Reflections again, this time of trees along the river Trent a few weeks ago. Walking in the rain, trying to avoid the fifty yard long puddles on the paths. Stepping through muddy grass with shoes sinking into the earth. It was wet! Subtle hints of green in the bushes that was knocked back when the temperatures dropped and the snow fell. A whole section of the newly restored river bank washed away and the new housing estate on the flood plain is threatened. Why build on the flood plain anyway? Money!

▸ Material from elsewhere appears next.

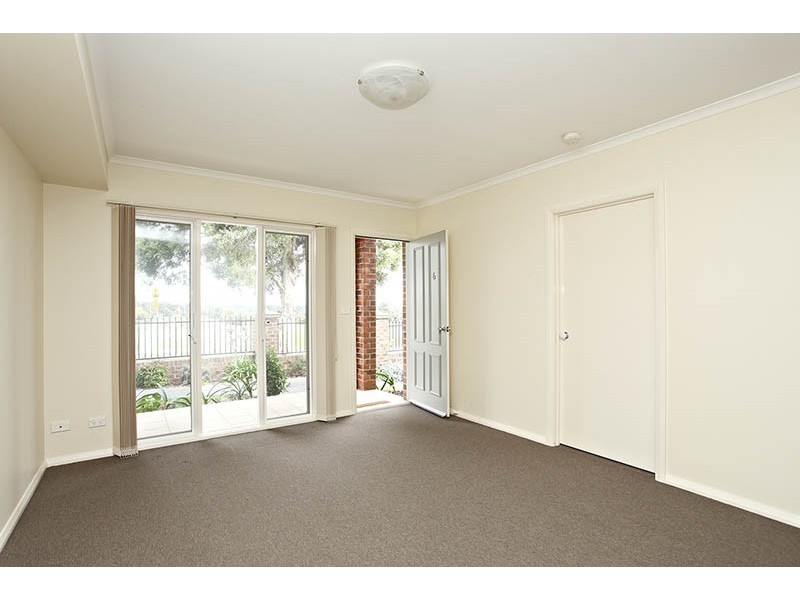 6/32 Mitcham Road, Donvale VIC 3111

Tree or trees? One limb broken. The grey path reflects the grey sky. Water rushes down the river, brown and muddy. In speight, almost overcoming the banks. The rain is trapped on the pathways, the grass sodden and squelchy. I walked along there this afternoon as part of a long walk. I can feel the wet mud between my toes overtopping my shoes, pulling at their soles. Water is like glue. Stronger than gravity. My feet lift out of the shoes as they lift from the ground. My feet still feel cold and are aching hours afterwards. Perhaps I need a bowl of hot water to soak them in. I wish I’d got some bathsalts! Time to rest.
Over there, beyond the houses, that’s how close the countryside is to this city. Wooded hills and farmers fields, the river Trent lies in that valley. Its the beginning of a great river that eventually empties out on the East Side of England near the mouth of the Humber after meandering through Nottinghamshire and I think Lincolnshire.
Our city does not sit in a conurbation. Its not surrounded by other towns in a massive urban sprawl. Yes there are towns nearby, but the gaps between them have not been filled in by housing and industrial development yet.
No great mountains or rolling plains nearby, but a gentle green land eventually leading to Welsh hills in one direction, or the flat lands of the East. The industrial Midlands South of us and the Peaks of Derbyshire in the North East and the Lancashire coast to the North West. A small geography lesson.